Thank you @drprojects, @gardiens, (and @gvoysey)! it was exactly that that was the problem.

We're training from a pretrained model using load_from_checkpoint, and that was the cause. We were assigning to the criterion parameter, but the problem was that that doesn't update the optimizer or scheduler that we can set in the yaml. It instead uses the pretrained weights' optimizer and scheduler if we don't pass new ones in when we load from checkpoint.

It took me quite some fiddling trying to find the optimizer and scheduler to pass in and after learning some hydra it turned out I just needed to instantiate the new scheduler and optimizer from the config with hydra and pass that in.
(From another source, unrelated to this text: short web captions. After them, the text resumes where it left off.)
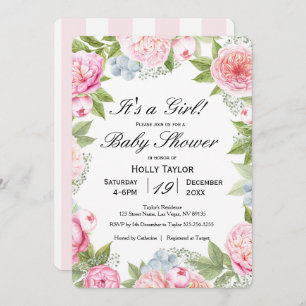 Personalized Floral Garden Baby Shower Invitation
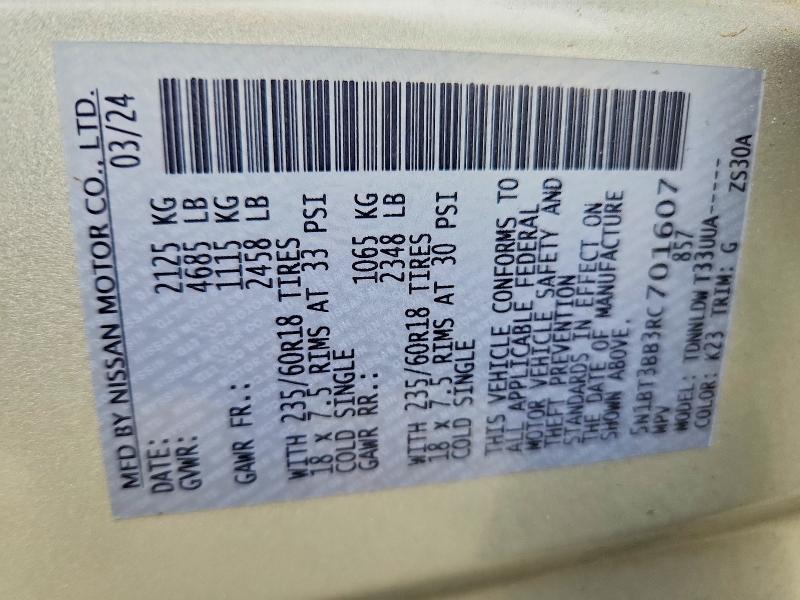 62439486 :رقم المزاد ، 5N1BT3BB3RC701607 vin ، 2024 Nissan Rogue مزاد بيع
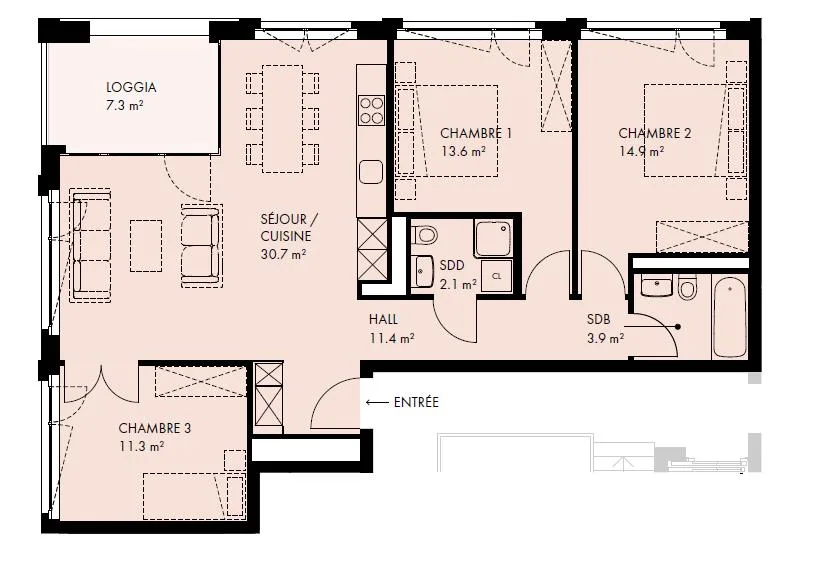 Appartement de 4.5 pièces au 1er étage, Nord-Ouest Quartier de lOr...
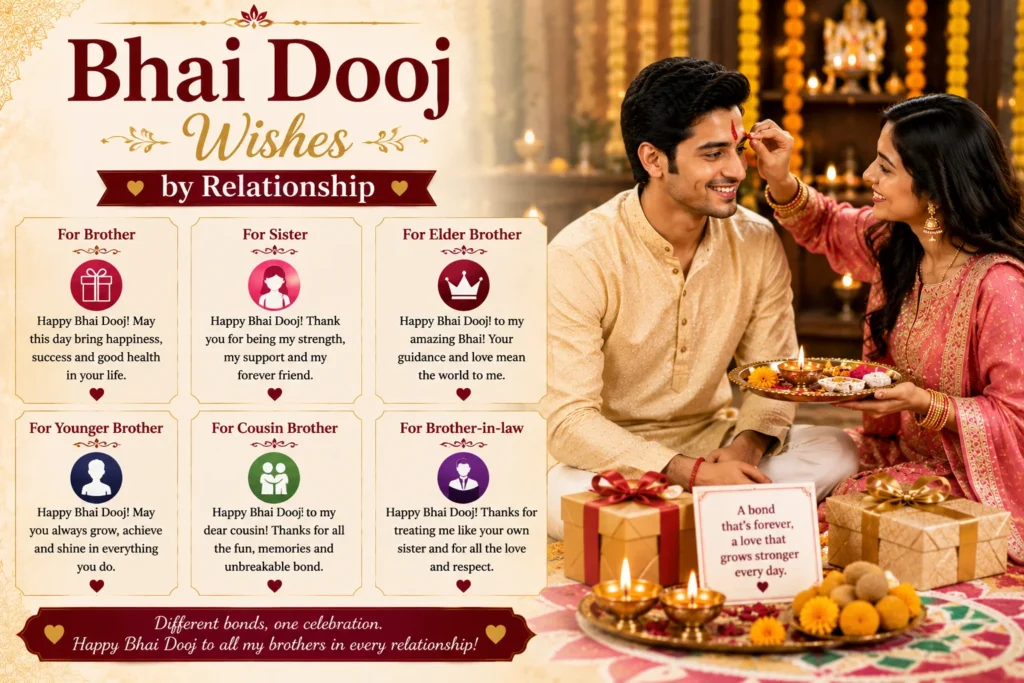 Bhai Dooj Wishes by Relationship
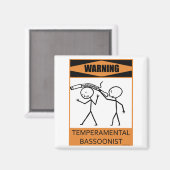 Waarschuwing Temperamental Bassonist Magneet (Voorkant / Achterkant)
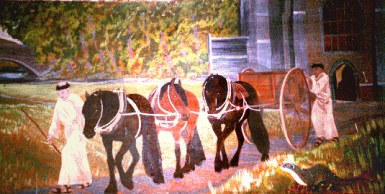 Stone cart with three ponies at Shap Abbey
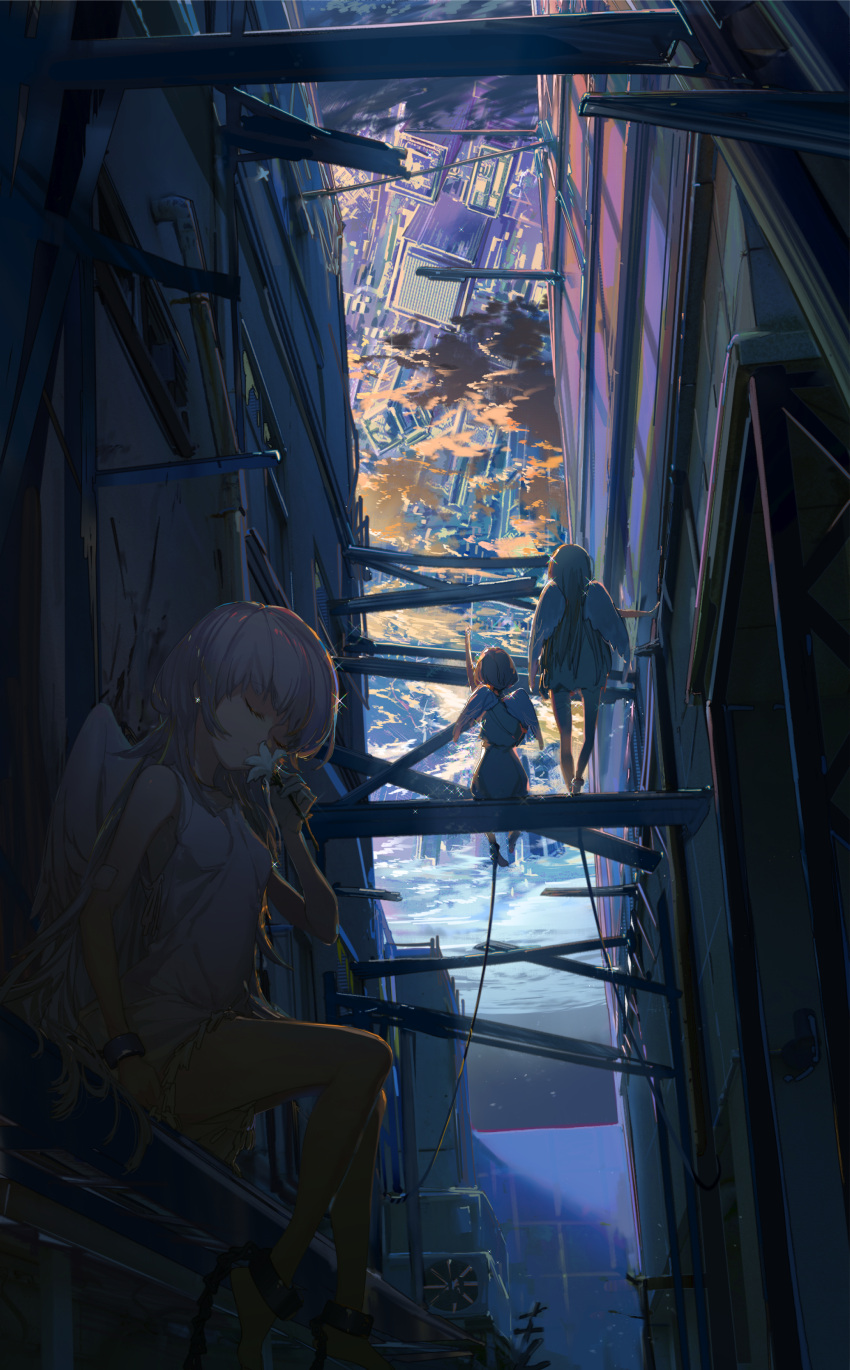 3girls, absurdres, air_conditioner, angel_wings, ashorz, barefoot, breasts, chain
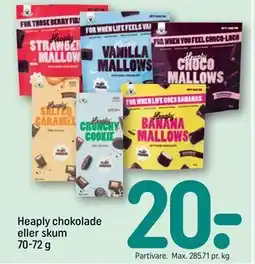REMA 1000 Heaply chokolade eller skum 70-72 g tilbud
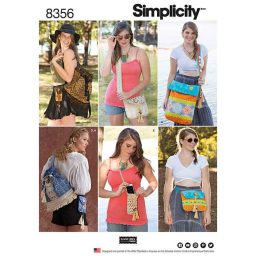 S8356_OS Simplicity Pattern 8356 Festival Bags in Four Sizes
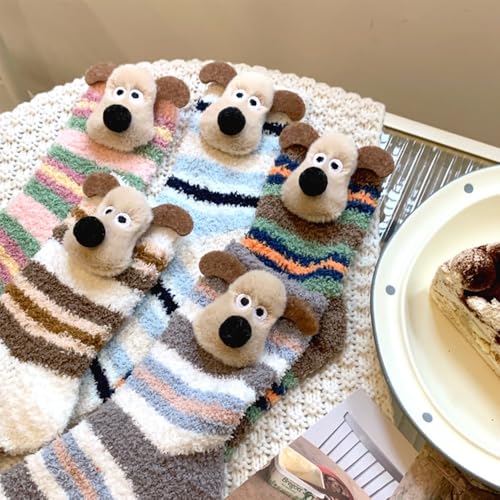 Image of 5 Pairs Fuzzy Socks for Women, Winter Thickening Coral Velvet Cozy Socks, Warm Home Sleeping Socks, Cute Animal Slipper Socks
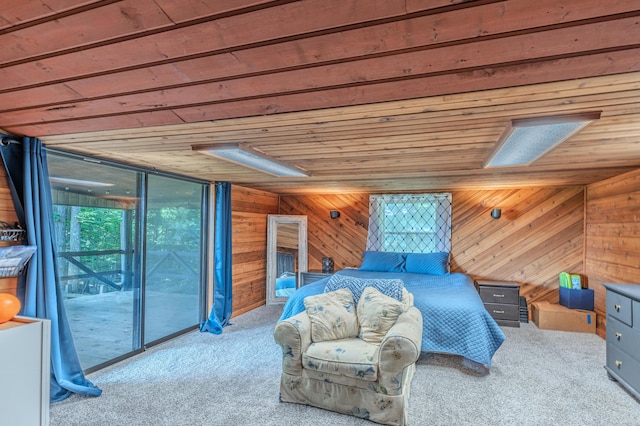 484 Buttermilk Rd, Blountville, TN 37617 - bedroom featuring carpet floors, access to outside, wooden walls, and wooden ceiling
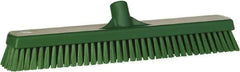 Vikan - 1.8" Bristle Length, Polyester Scrub Brush - 18" Long x 2-1/2" Wide Head, 19" OAL, European Threaded Handle, Green, Polypropylene Block - Caliber Tooling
new_num_classes = datamodule.hparams.num_classes

model = type(model).load_from_checkpoint(cfg.pretrained_weights,
                                         net=model.net,
                                         criterion=model.criterion,
                                         num_classes=new_num_classes,
                                         strict=False,
                                         optimizer=hydra.utils.instantiate(cfg.model.optimizer),
                                         scheduler=hydra.utils.instantiate(cfg.model.scheduler))

@drprojects I'm so sorry to waste your time and make you boot up the code only for the problem not to be reproducible on your machine, I have been there and I completely understand how that feels!

Thank you all for your help! Problem solved!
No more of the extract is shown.